Brussels, 22 November 2019 – Copenhagen Economics, a leading economic consultancy, has analysed the impact of the ‘Finalisation of the Basel III capital requirements’ at the request of the European banking sector through the European Banking Federation and a group of national banking associations. It is the first time that the full economic impact of Basel III has been calculated. The Basel III finalisation package was agreed by the Basel Committee on Banking Supervision, the body that sets global standards, in December 2017. The package includes new capital floors for banks that define a minimum level of capital for different types of portfolios. The European Union is currently considering how to transpose this agreement into European law.
The European Banking Federation, as voice of the European banking sector, believes that a balanced implementation of the Finalisation of Basel III in the EU is essential in order to prevent potential growth risks to the European economy. As the Copenhagen Economics report points out, Basel III could reduce the investment potential of European businesses while increasing costs for households with mortgages and businesses with bank loans. Furthermore, it could distort the global level playing field in banking.
Says Wim Mijs, Chief Executive Officer of the EBF:
“This Copenhagen Economics report is an important reminder of the economic risks we face if specificities of banking in Europe are not duly considered. In its transposition of Basel III the EU needs to strike the right balance. An unbalanced implementation would undermine the EU’s capacity to finance its economy.”

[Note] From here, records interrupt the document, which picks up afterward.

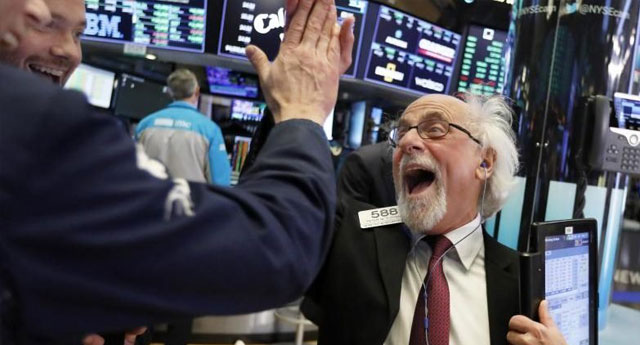 Piyasalar neyi fiyatlıyor? ABD borsaları yükselişe geçti; savaşın sona ereceği beklentisi hakim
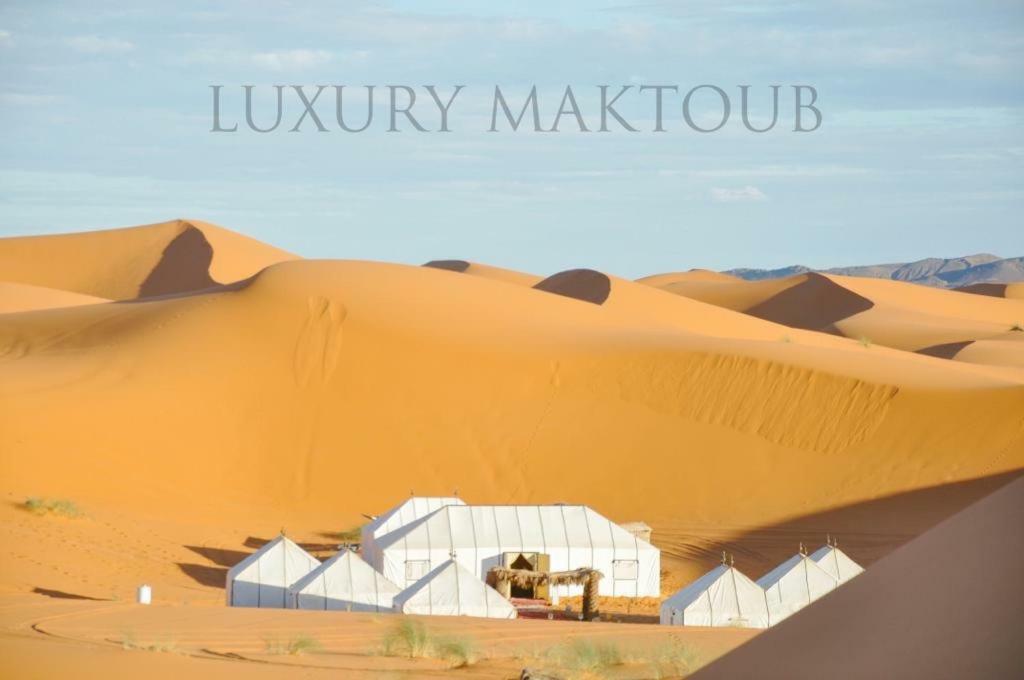 מלון מרזאוגה Luxury Maktoub מראה חיצוני תמונה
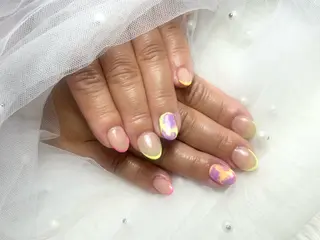 ネイル MIKA ♡のネイルデザイン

The Basel Accord of December 2017, also called ‘the Basel III endgame’, is one of the most debated regulatory frameworks in recent years. The accord was supported by the G20 Finance Ministers and Central Bank Governors Meeting, under the condition: “We confirm our support for the Basel Committee on Banking Supervision’s (BCBS) work to finalise the Basel III framework without further significantly increasing overall capital requirements across the banking sector, while promoting a level playing field.”
The accord sets out revised international standards, which are now to be implemented on a European level. A recent impact assessment from the European Banking Authority (EBA) has shown that the Final Basel III Framework could lead to a significant increase in capital requirements for European banks. Furthermore, economic research has shown that significant shifts in capital requirements can entail significant real-economy costs and benefits in terms of financial stability.
Thus, it is important that EU legislators and stakeholders make decisions about the implementation of the Final Basel III Framework on a well-informed basis. This includes considering the economic costs and benefits of the different options of implementation, to ensure that the package delivers net economic benefits to society.
Against this backdrop, the European Banking Federation and a group of banking associations have invited Copenhagen Economics to analyse the impact of the Final Basel III Framework on European households, businesses and the real economy. Their analysis assesses if the proposed EU implementation fulfils the original spirit of the G20 mandate and if the implementation delivers net benefits to society, based on an economic cost-benefit analysis.
When calculating the impact on the real economy, Copenhagen Economics considered higher lending costs for households and businesses as well as the marginally positive benefit of an even more conservative framework for capital requirements. The net costs are projected at 0.4% of Gross Domestic Product, based on 0.1% of GDP in benefits and a reduction of 0.5% of GDP due to a decline in investments.
“We find that the costs clearly outweigh the benefits,” concludes Copenhagen Economics. “There are increasing costs and declining benefits of higher capital requirements. The task for policy makers is to balance these costs and benefits to provide a net benefit for society.”
Copenhagen Economics said the benefits of even further reductions in the risk profile for banks are limited as many new bank capital requirements already have been introduced in the decade following the financial crisis. “The post-crisis reforms increase capitalisation of the European banking sector to a level where there are limited marginal benefits of further increases,” it said. ‘EU Implementation of the Final Basel III Framework; Impact on the banking market and on the real economy.’ Published by Copenhagen Economics, November 2019.